The Myths of Skyros: Achilles, Theseus & King Lykomedes
The great myths of Skyros, where Achilles was hidden dressed as a girl at the court of King Lykomedes, and where the hero Theseus met his death. The stories, and where they touch the island.
Last updated 29 June 2026
For an island this quiet, Skyros carries an outsized weight of myth. Two of the greatest figures of Greek legend, Achilles and Theseus, have their stories bound to this rock, and both threads run through the court of one king: Lykomedes of Skyros.
In short: In myth, Skyros was ruled by King Lykomedes. It is where the sea-goddess Thetis hid her son Achilles, disguised as a girl among the king’s daughters, to keep him from the Trojan War, until Odysseus tricked him into revealing himself. It is also where the Athenian hero Theseus died, thrown from a cliff. Centuries later the Athenian general Cimon conquered Skyros (around 476 BC) and carried what he believed were Theseus’s bones back to Athens.
The court of King Lykomedes
In the old stories, Skyros belonged to Lykomedes, its king, whose citadel legend places on the high rock now crowned by the Byzantine castle above Chora. It is to this court that both great myths lead, first a hero hidden, then a hero killed.
Achilles, hidden as a girl
Warned by prophecy that her son would die gloriously at Troy, the sea-goddess Thetis tried to cheat fate. She brought the young Achilles to Skyros and hid him at the court of Lykomedes, dressed as a maiden and raised among the king’s daughters. There he fell in love with the princess Deidamia, and they had a son, Neoptolemus, who would later fight at Troy in his father’s place.
The disguise could not last. The Greeks, told they could not win the war without Achilles, sent Odysseus to find him. Odysseus came to the palace as a merchant and spread out gifts before the women: jewellery and fine cloth, and, among them, a sword and shield. When a war-trumpet suddenly sounded, one “girl” reached for the weapons by instinct. Achilles was revealed, and he sailed for Troy, and his fate.
Theseus, thrown from the cliff
The second myth is darker. Theseus, the great king and hero of Athens, slayer of the Minotaur, was in his old age driven out of his own city. He retired to Skyros, where Lykomedes at first received him as a guest. But the king, so the story goes, led him to the edge of a high cliff and treacherously pushed him to his death on the rocks below. So the hero of Athens died, an exile, on this small Aegean island.
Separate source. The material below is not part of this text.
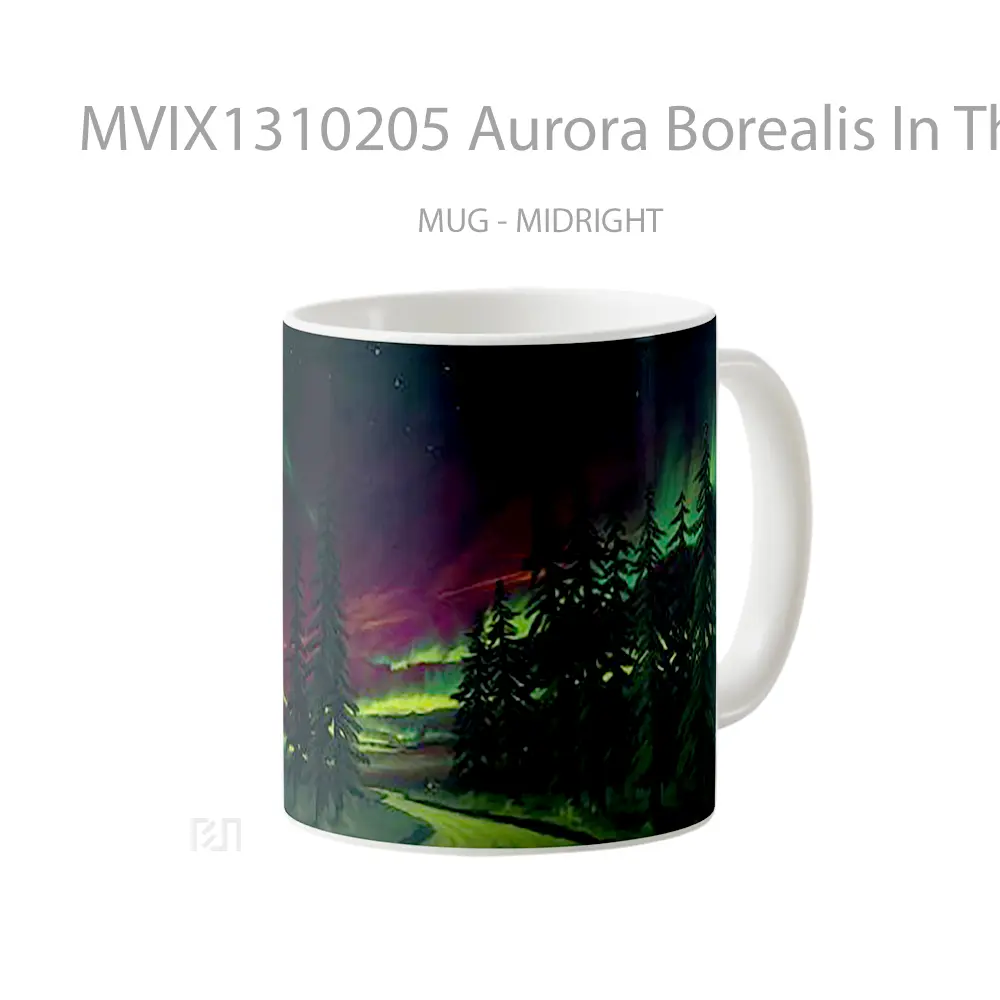 Mug Aurora Borealis In The Forest Gelas Pemandangan Alam - All-side / Desain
Cimon and the bones of Theseus
The myth has a striking historical coda. In the early 5th century BC, an oracle told the Athenians to recover the bones of Theseus. Around 476 BC, the Athenian general Cimon conquered Skyros, then held by Dolopian pirates, and unearthed what he took to be the hero’s remains. He carried them back to Athens in triumph, where they were enshrined in a sanctuary, the Theseion. Myth and history meet here: an Athenian fleet, a legendary grave, and a small island suddenly at the centre of the Greek world.
Where the myths touch the island
You won’t find labelled “myth sites” on Skyros, and that is part of the charm. But standing on the castle rock above Chora, with the whole island and the sea below, it is easy to see why the ancients set a king’s citadel here, and why they imagined both a hidden hero and a fallen one on these heights. For the island’s real, dug-up antiquity, visit the Bronze Age town at Palamari, and for the fuller timeline see our short history of Skyros.
FAQ
Why was Achilles hidden on Skyros? His mother Thetis, knowing he was fated to die at Troy, disguised him as a girl at the court of King Lykomedes to keep him from the war. Odysseus later tricked him into revealing himself.
How did Theseus die on Skyros? In myth, the Athenian hero, exiled from his city, was received by King Lykomedes and then treacherously thrown from a cliff on the island to his death.
What is the connection between Cimon, Skyros and Theseus? Around 476 BC the Athenian general Cimon conquered Skyros and recovered what were believed to be Theseus’s bones, carrying them back to Athens to be enshrined in the Theseion.